I believe it is one of the most interesting experiments of our early twentieth-century literature and beyond. Our critics at the time were too busy demolishing the Scapigliatura and discussing the primacy of Manzoni, Verga, or D'Annunzio, but also praising the "vociani" Jahier, Slapater, Soffici, Papini, etc... of whom also our Savinio was a part yet evidently wasn't convincing. Perhaps, as often happens to us Italians, we only treated with a hint of contempt and detachment an author who embraced the cause of a European-breathing literature and thought, who did not hesitate to dive into other environments and situations compared to our age-old and perhaps even heavy classical culture (and if Savinio -who painted almost exclusively Greek mythology, who was born and fought in Greece, who dedicated pages upon pages to mnemosyne, who wrote "Achille Innamorato"- is not infused with classical culture, then who is?). In the little consideration of his works I see a healthy "all-Italian provincialism", the same that saw us discussing Croce for decades while elsewhere in Europe Nietzsche and Marx were bursting forth; the same provincialism that made us discover psychoanalysis and structuralism only in the sixties.

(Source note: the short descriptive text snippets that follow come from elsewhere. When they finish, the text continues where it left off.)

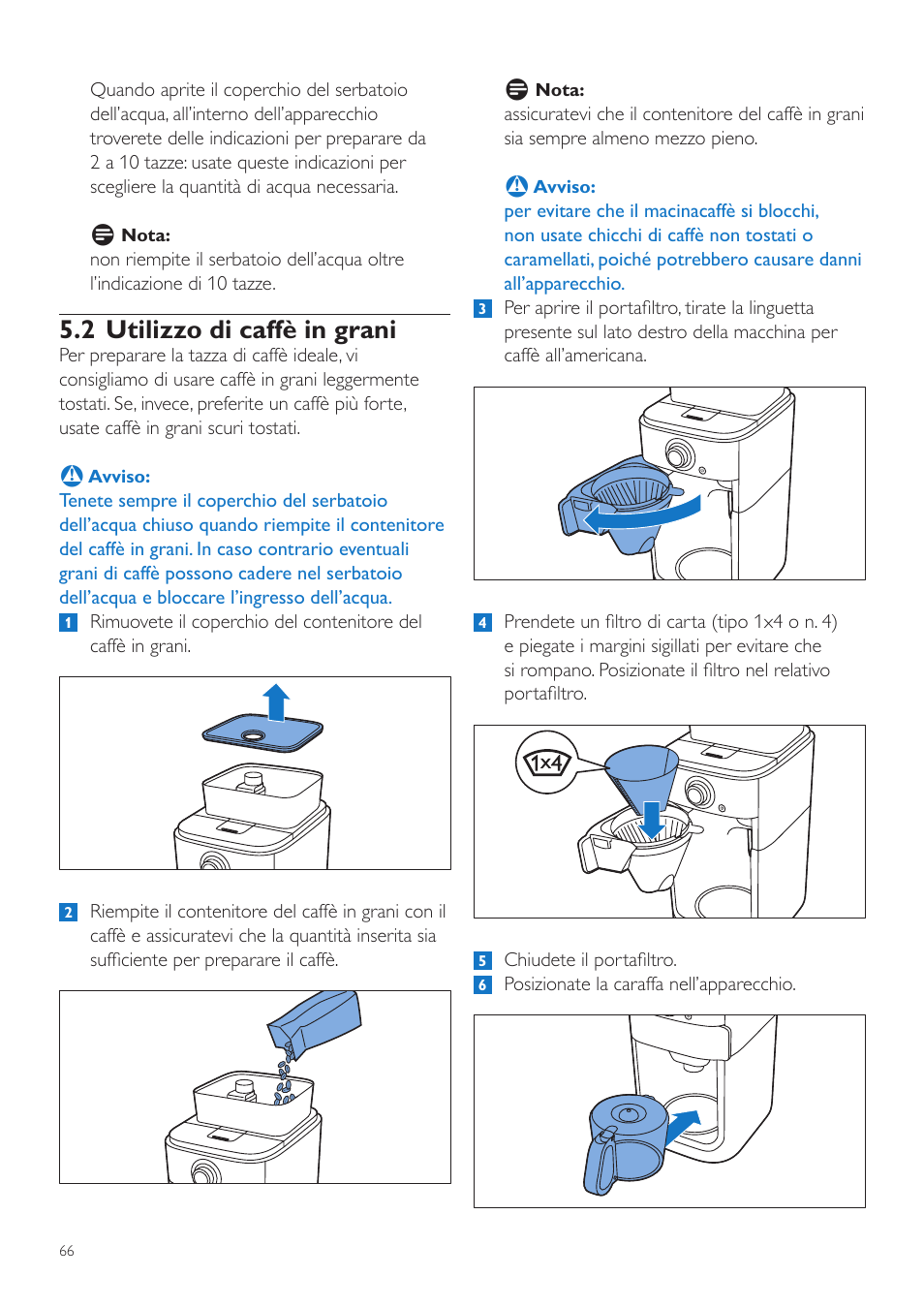 2 utilizzo di caffè in grani | Philips Grind & Brew Kaffeemaschine User Manual | Page 66 / 172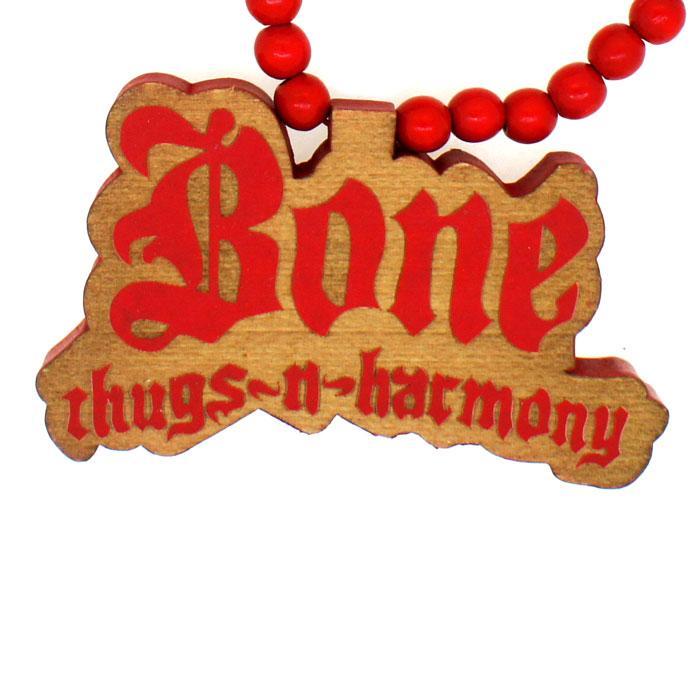 Bone Thugs N Harmony Wooden Pendant & Chain Red HipHopBling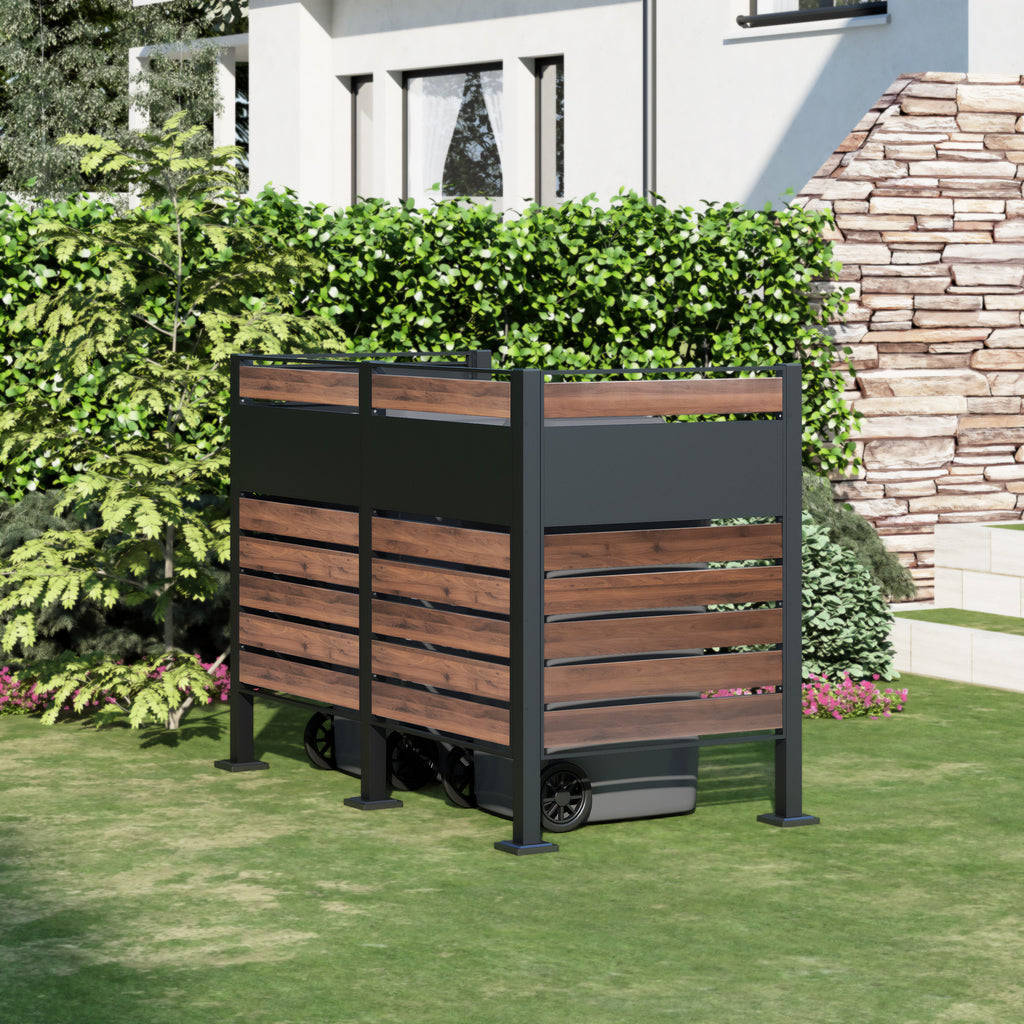 Bin cladding, anthracite RAL7016, wood look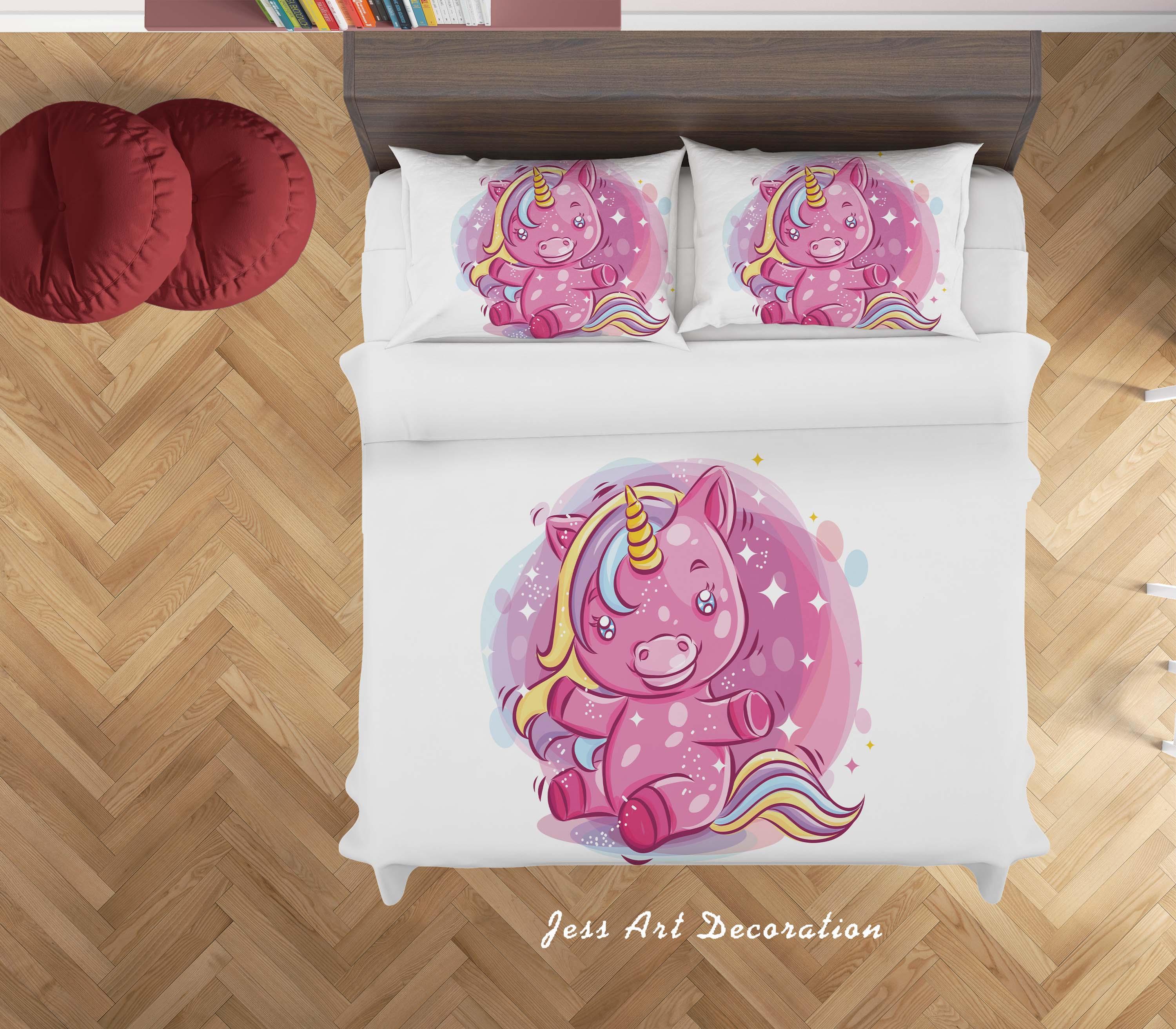 3D White Pink Unicorn Quilt Cover Set Bedding Set Duvet Cover Pillowcases SF62- Jess Art Decoration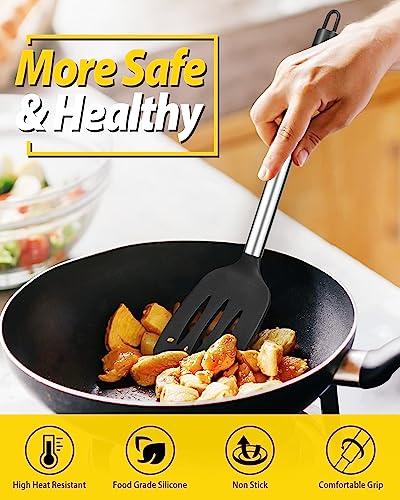Pack of 2 Silicone Solid Turner, Non Stick Slotted Kitchen Spatulas, High Heat Resistant BPA Free Cooking Utensils, Ideal Cookware for Fish, Eggs, Pancakes(Black-White) - color: Black-White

I only have left to explain the title of the work: "Hermaphrodito" wants to be a metaphor of the famous Greek myth in an artistic key. The man and the woman, divided parts of the mythical Platonic hermaphrodite, are replaced by the artist and the concept of art. So the rebirth of the hermaphrodite can only happen through the creation of the work of art; true synthesis of the artist and the concept of art.

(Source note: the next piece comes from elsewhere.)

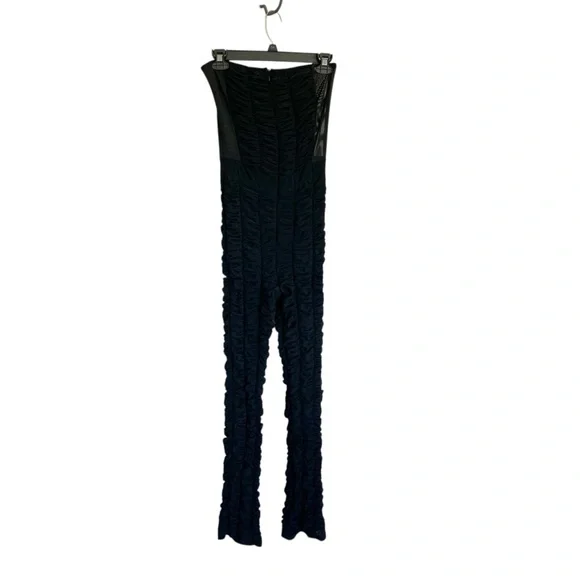 I.AM.GIA Ophelia black strapless mesh ruched jumpsuit club party festival medium
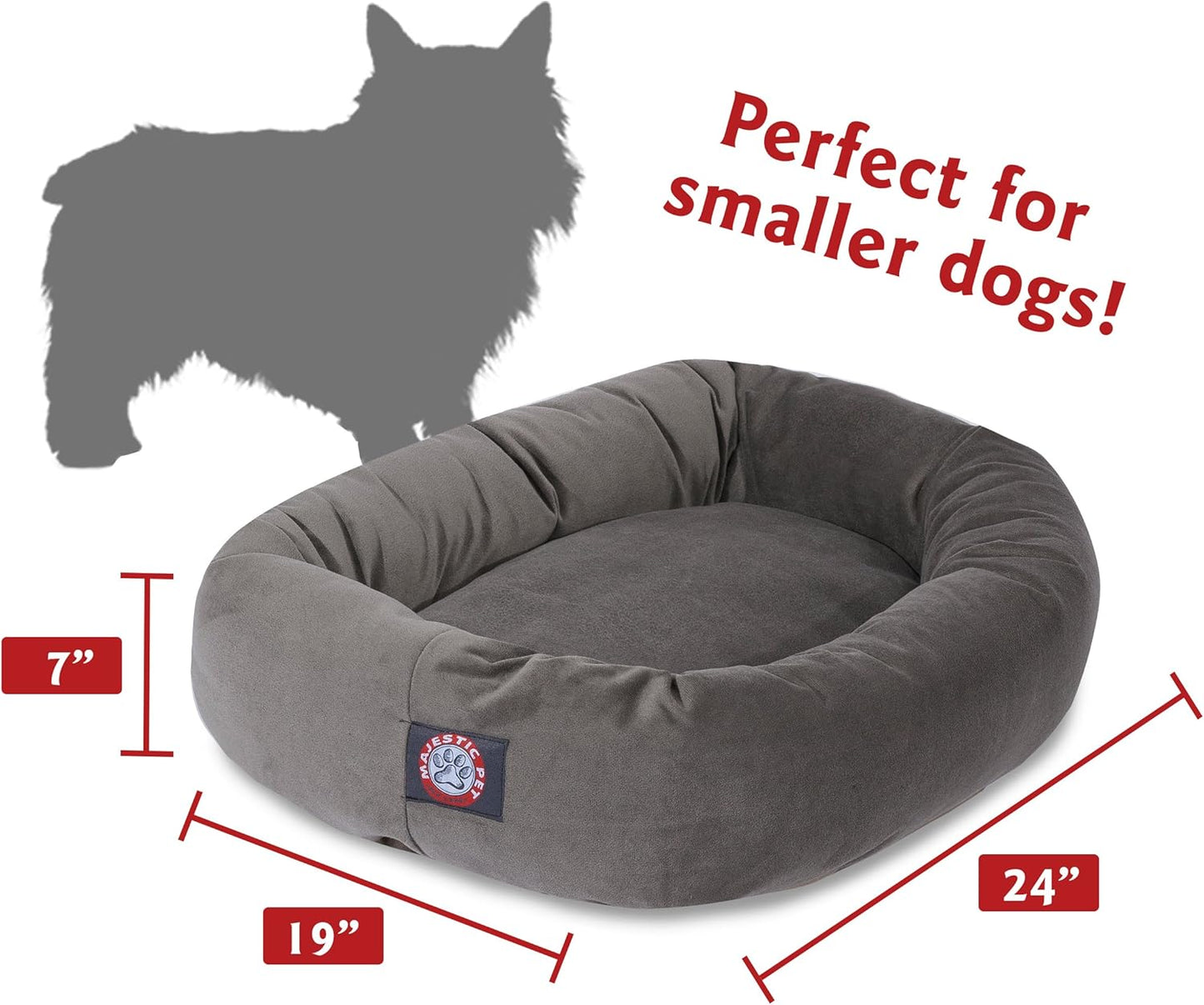 Majestic Pet 24 Inch Suede Calming Dog Bed Washable 24x19x7 (Inch) – Cozy Soft Round Donut Dog Bed with Spine Support for Dogs to Rest Their Head - Pet Bed Small – Gray - Pet Explorer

Throughout the twentieth century, figures of the caliber of Sanguineti, Sciascia, Arbasino, and Bréton, who even described Savinio as a true precursor and inspirer of Surrealist poetics, worked to weave the praises of our author; his philosophical-artistic essays published in "Valori Plastici" towards the end of the nineteen-tens have been recognized as the full completion of Metaphysical poetics, of which Giorgio was a pictorial exponent as much as Alberto was a literary one. By reading "Hermaphrodito" we can find the typical metaphysical atmospheres: the deserted squares, the mannequins, a "great noon" light, etc... The fact remains that to this day Savinio has not yet obtained the artistic dignity that in my opinion he deserves. But time is always a gentleman.